** Data to use follows **

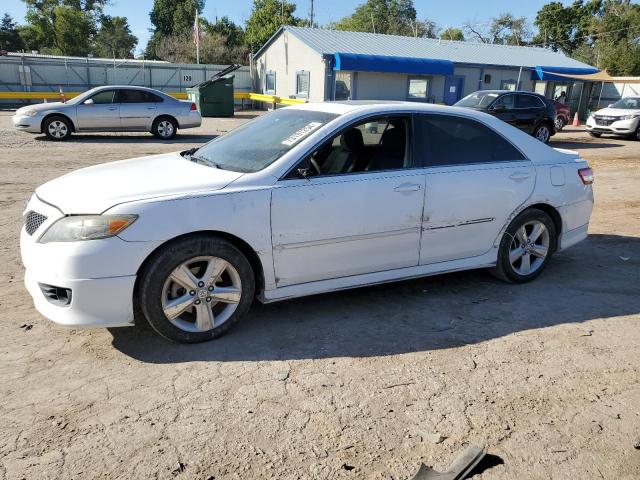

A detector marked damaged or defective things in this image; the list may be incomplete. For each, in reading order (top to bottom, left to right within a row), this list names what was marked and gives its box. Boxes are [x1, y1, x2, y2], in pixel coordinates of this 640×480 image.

damaged white sedan [21, 101, 596, 344]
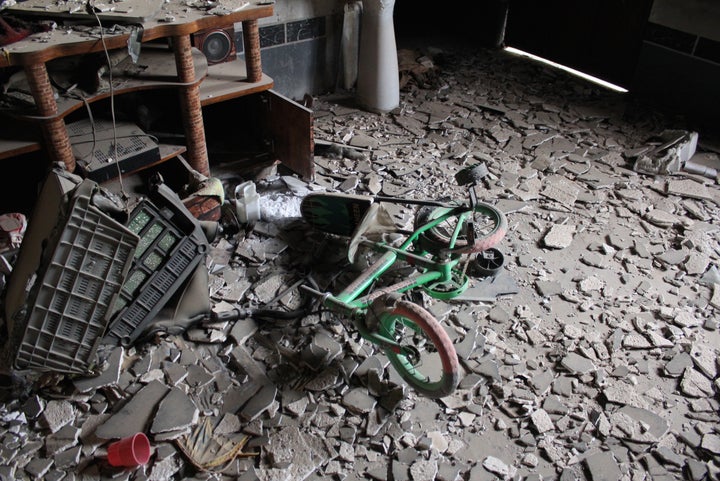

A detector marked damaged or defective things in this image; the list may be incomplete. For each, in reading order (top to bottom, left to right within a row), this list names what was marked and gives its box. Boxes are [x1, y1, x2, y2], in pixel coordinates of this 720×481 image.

broken furniture [0, 0, 316, 183]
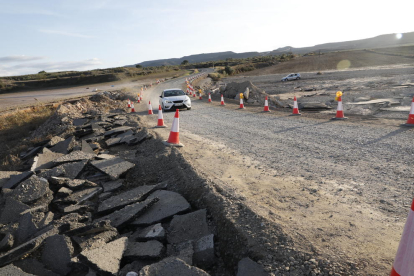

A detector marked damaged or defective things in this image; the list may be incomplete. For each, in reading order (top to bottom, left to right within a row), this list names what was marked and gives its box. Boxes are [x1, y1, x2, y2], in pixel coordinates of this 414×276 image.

broken asphalt chunk [91, 157, 135, 181]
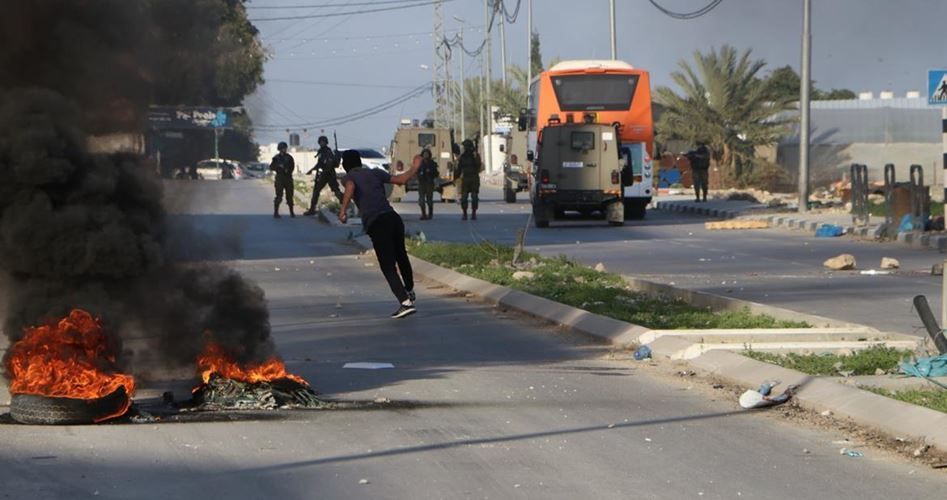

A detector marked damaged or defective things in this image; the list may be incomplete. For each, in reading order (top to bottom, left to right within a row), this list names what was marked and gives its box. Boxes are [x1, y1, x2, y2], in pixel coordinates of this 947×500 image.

burnt tire debris [8, 384, 130, 424]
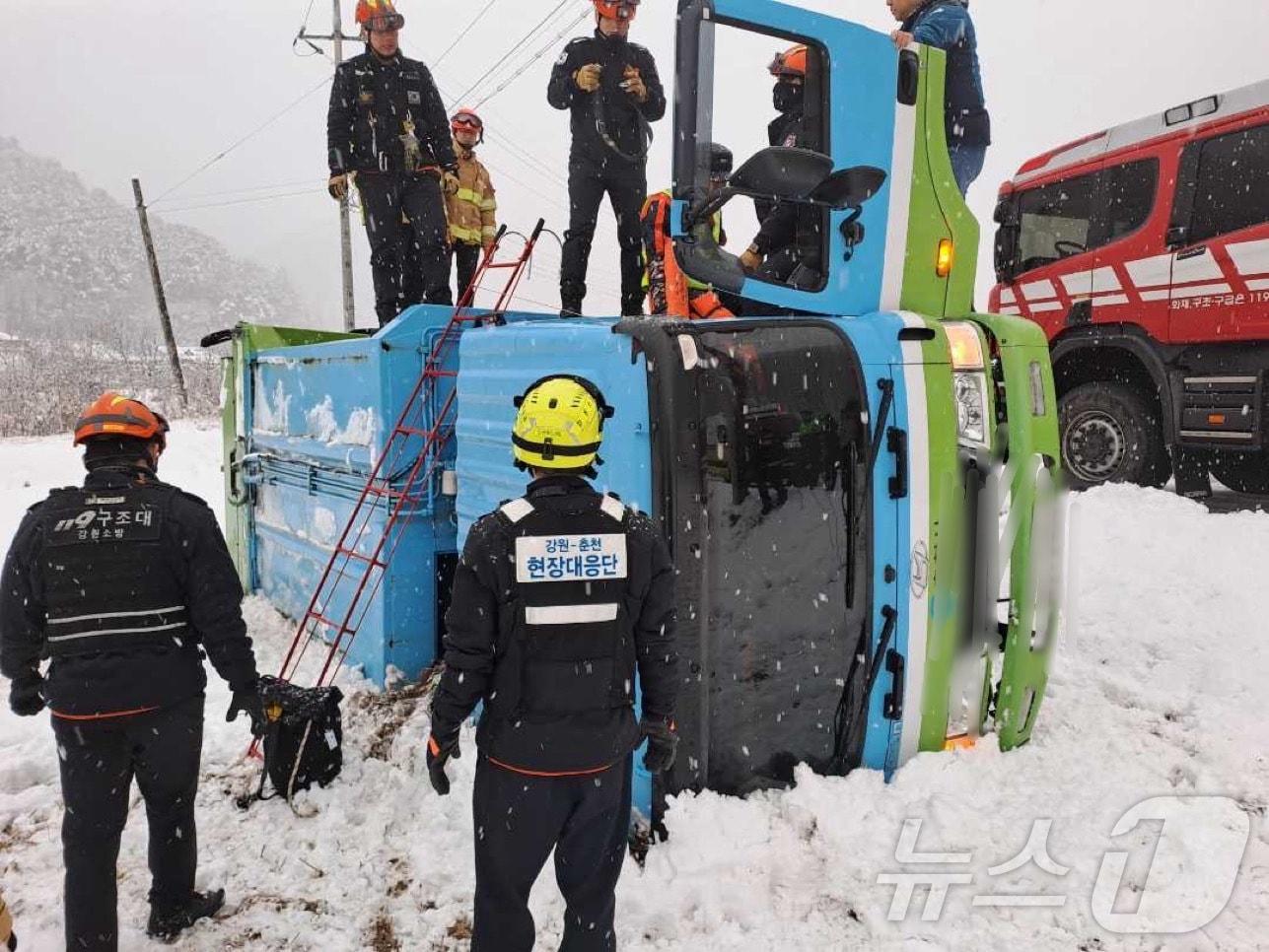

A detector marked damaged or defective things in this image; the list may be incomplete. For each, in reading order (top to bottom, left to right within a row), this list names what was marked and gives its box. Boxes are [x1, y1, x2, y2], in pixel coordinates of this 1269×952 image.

overturned truck [213, 1, 1066, 821]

** End of Data to use **

### Required work
All lines from the one containing "this 1269×952 image." to the last line above should be reproduced exactly, and no other lines should be given.

### Output for this exercise
A detector marked damaged or defective things in this image; the list may be incomplete. For each, in reading order (top to bottom, left to right within a row), this list names what was marked and gives its box. Boxes are [x1, y1, x2, y2], in pixel coordinates of this 1269×952 image.

overturned truck [213, 1, 1066, 821]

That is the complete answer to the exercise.